(Provided information begins)

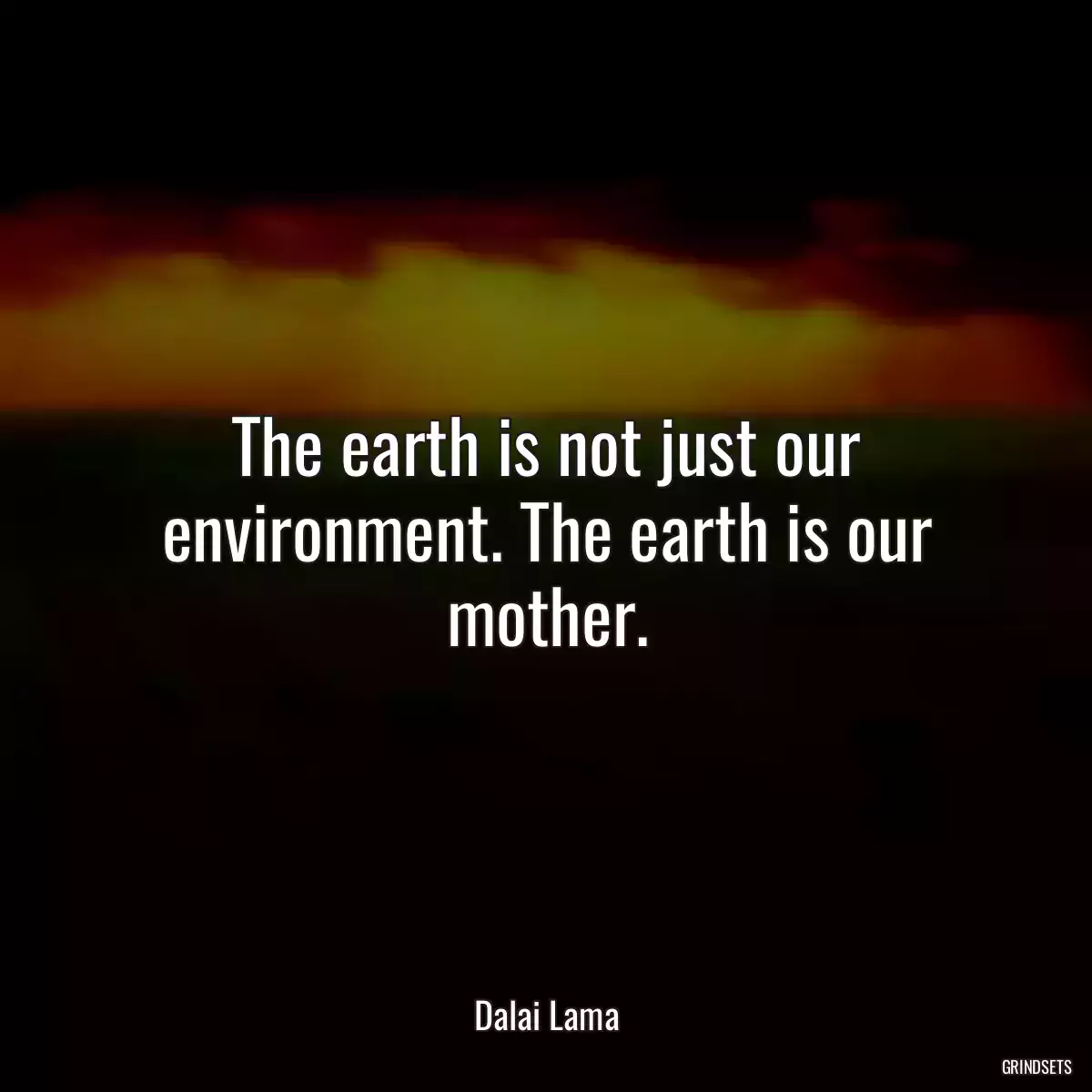 The earth is not just our environment. The earth is our mother.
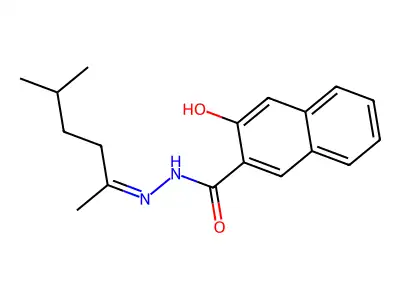 3-hydroxy-N-(5-methylhexan-2-ylideneamino)naphthalene-2-carboxamide structure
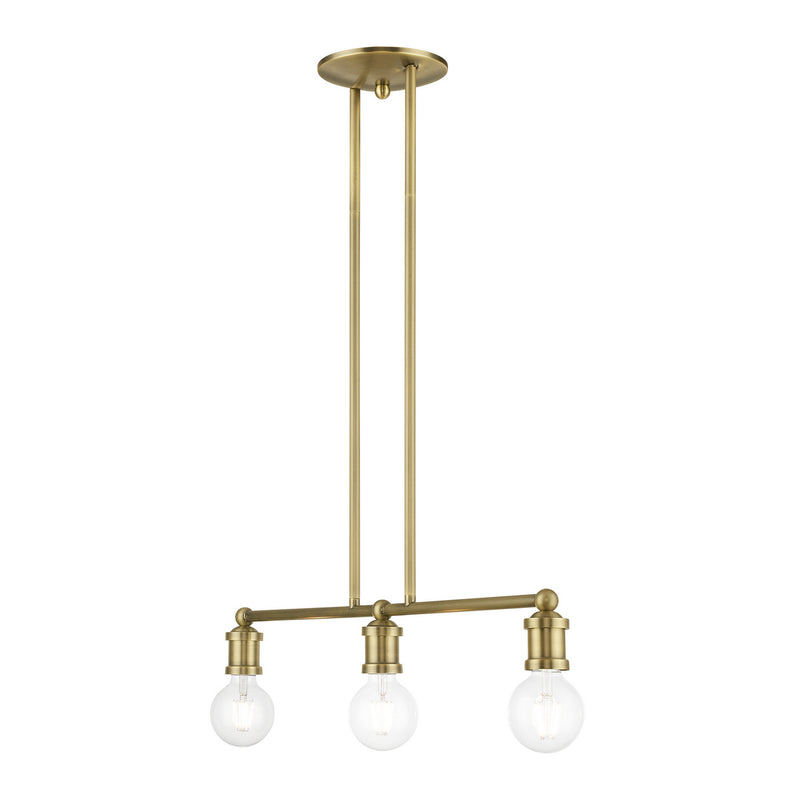 Livex Lighting 47163-01 Three Light Linear Chandelier, Antique Brass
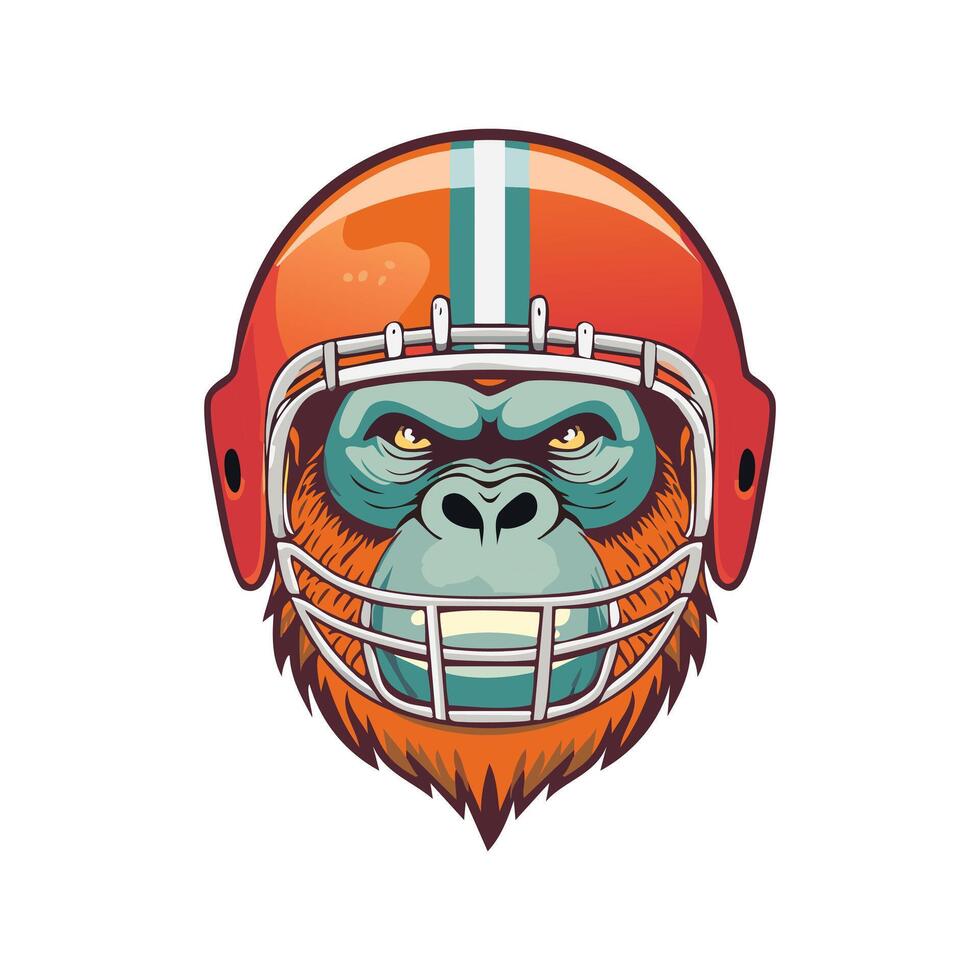 Orangutan face with helm rugby logo vector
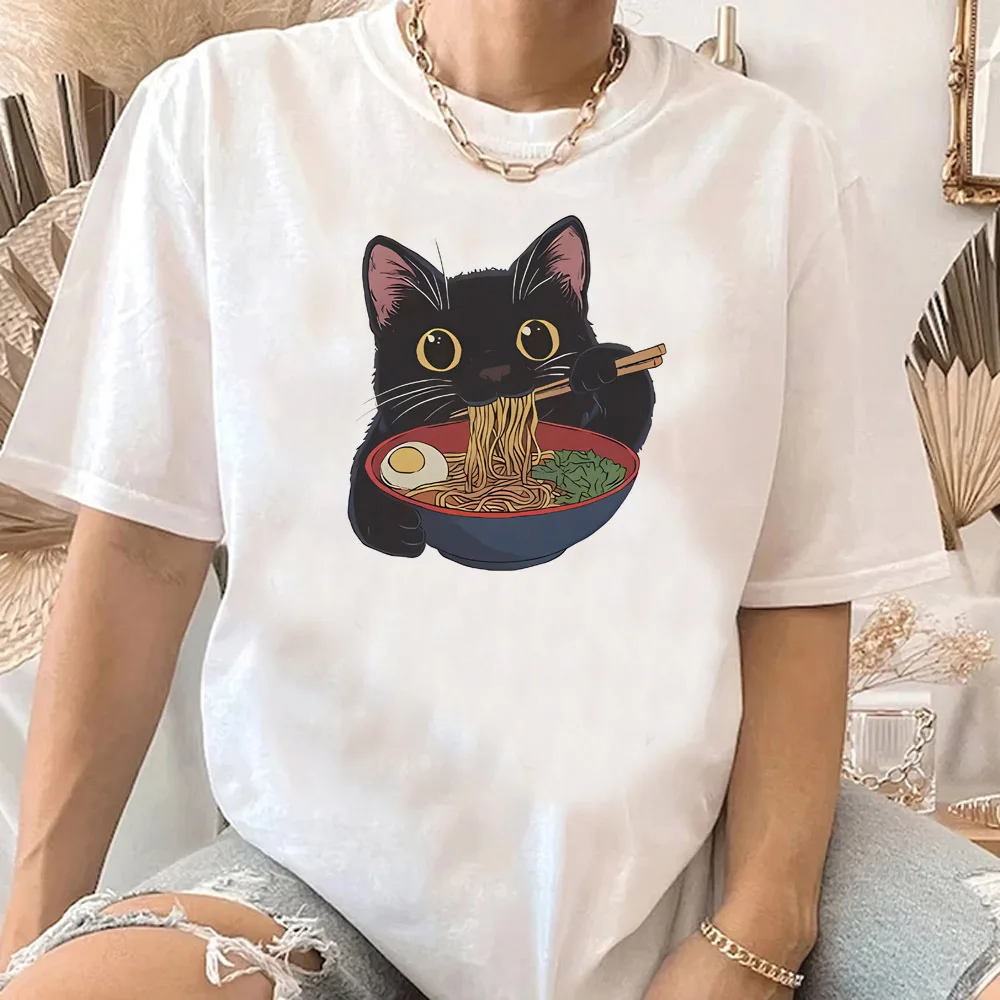 Noodle Ramen Cat shirt teen Pop Culture graphic Comfortable Gothic Vintage Fashion Harajuku Kawaii T-shirt Women's Y2K Clothing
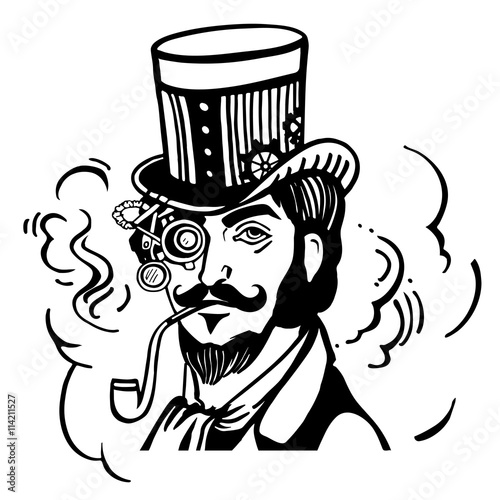 Steampunk man in top hat and glasses with the beard  moustache  a smoking pipe in vector illustration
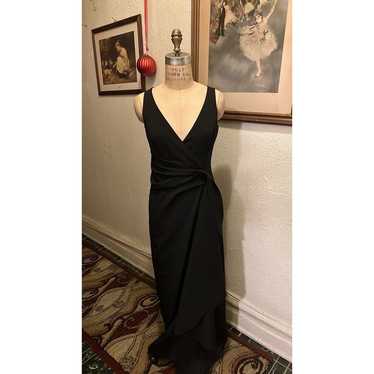 Marina Black V-Neck Ruched Twist Gown NWOT Size 6 - image 1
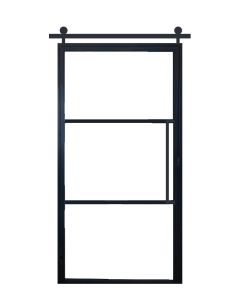 SOLID FERRO COSMOS ALUMINIUM SCHUIFDEUR 3 GLASVERDELING 93X211.5CM incl TREKKER+RAIL+SCHUIFROLLERS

(Provided information ends)

▶ [Assignment]: If a record holds a picture, drop the picture and return the rest of it exactly.

▶ [Exercise answer]:
 The earth is not just our environment. The earth is our mother.
 3-hydroxy-N-(5-methylhexan-2-ylideneamino)naphthalene-2-carboxamide structure
 Livex Lighting 47163-01 Three Light Linear Chandelier, Antique Brass
 Orangutan face with helm rugby logo vector
 Noodle Ramen Cat shirt teen Pop Culture graphic Comfortable Gothic Vintage Fashion Harajuku Kawaii T-shirt Women's Y2K Clothing
 Steampunk man in top hat and glasses with the beard  moustache  a smoking pipe in vector illustration
 Marina Black V-Neck Ruched Twist Gown NWOT Size 6 - image 1
 SOLID FERRO COSMOS ALUMINIUM SCHUIFDEUR 3 GLASVERDELING 93X211.5CM incl TREKKER+RAIL+SCHUIFROLLERS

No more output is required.